Expert raises concern over ignorance about paedophilia

Mohd Taufik Mohammad.

GEORGE TOWN: Most Malaysian parents lack knowledge about paedophilia, according to an academic who has done research on juvenile issues.

“Their awareness of the subject is quite low,” said Mohd Taufik Mohammad of Universiti Sains Malaysia.

He told FMT he found this out in a survey he had conducted among parents and the general public.

He said this was a cause for concern because he believed parents should be the immediate protectors of children and must therefore be “fully alert to the predatory behaviour of paedophiles and teach their children to not speak to strangers”.

Taufik conducted his study after the wide publicity given to the case of Richard Huckle.

Huckle, a British paedophile who preyed on Malaysian children while posing as a photographer, teacher and devout Christian between 2006 and 2014, was convicted on 71 counts of sexual assault at the Old Bailey in London in June 2016. The court handed him 22 life sentences.

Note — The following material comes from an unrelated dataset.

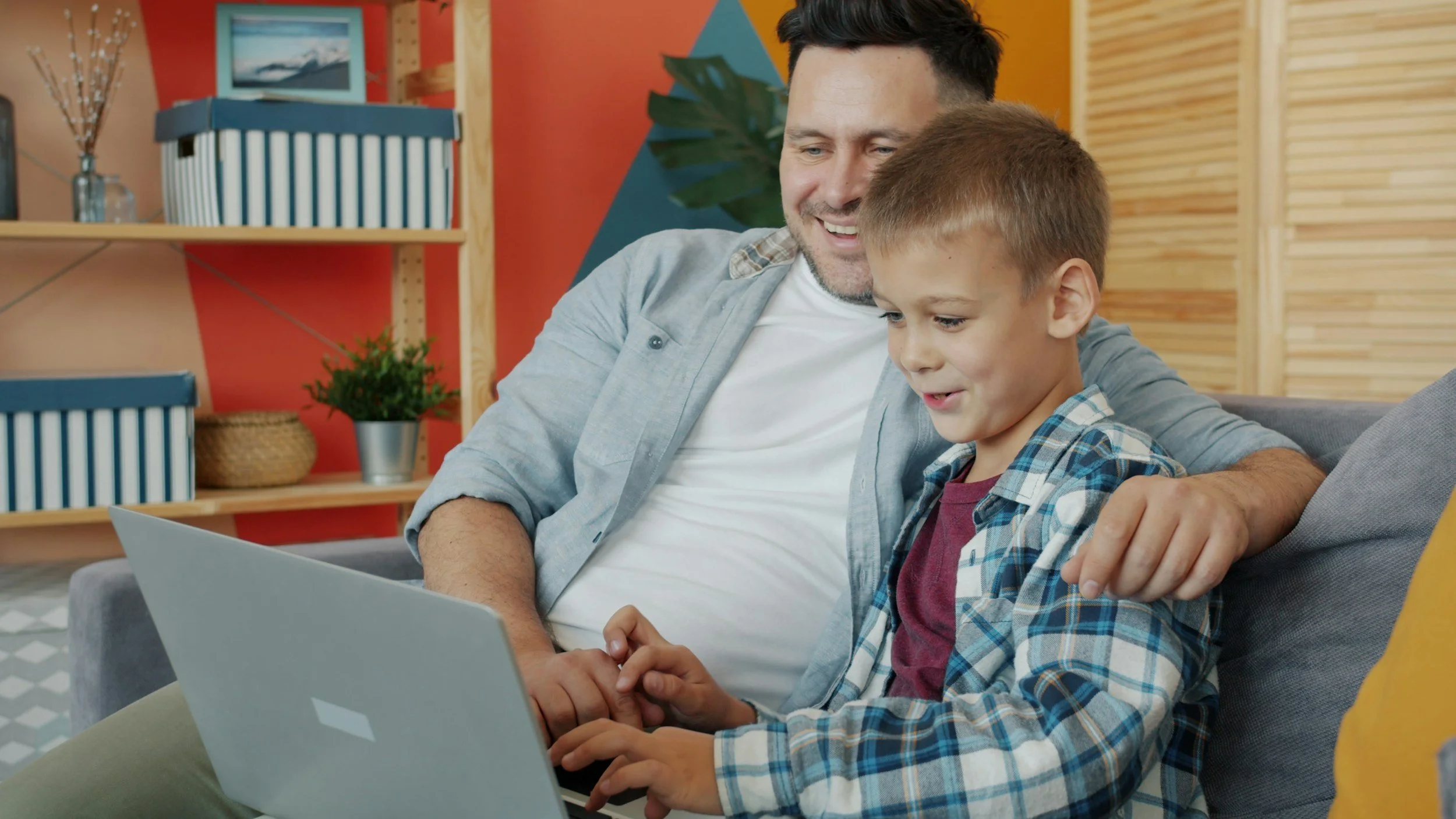 a father and son working on the computer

Human rights group Tenaganita recently told FMT that the demand for child sex was growing in Malaysia.

It quoted an activist as saying that young boys and girls from impoverished families were being groomed for sex after being tricked with job offers paying as much as RM1,000 a month.

Tenaganita also spoke of foreigners being brought in for child sex services.

Taufik acknowledged that Malaysian laws against child sex were “very up to date” but he said it appeared that protection for foreigners was inadequate.

He said some foreign nationals living in Malaysia would innocently give up their children to parties claiming to have jobs for them.

“These parents are willing to let others care for their children because they are poor,” he said.

“The victims, regardless of their nationalities, need to be protected and rehabilitated. After all, we have ratified the Convention of the Rights of the Child under Unicef.”

He said the sex education of children was essential in keeping them safe from predators. He criticised sex education in Malaysia as “superficial at best”, saying the curriculum avoided topics like safe sex and sexually transmitted diseases.

Former Suhakam commissioner James Nagayam said paedophiles would usually enter Malaysia as volunteers or charity workers.

“This is what makes them hard to detect,” he told FMT.

He also said poor children were easy targets for paedophiles, as was evident in the Huckle case.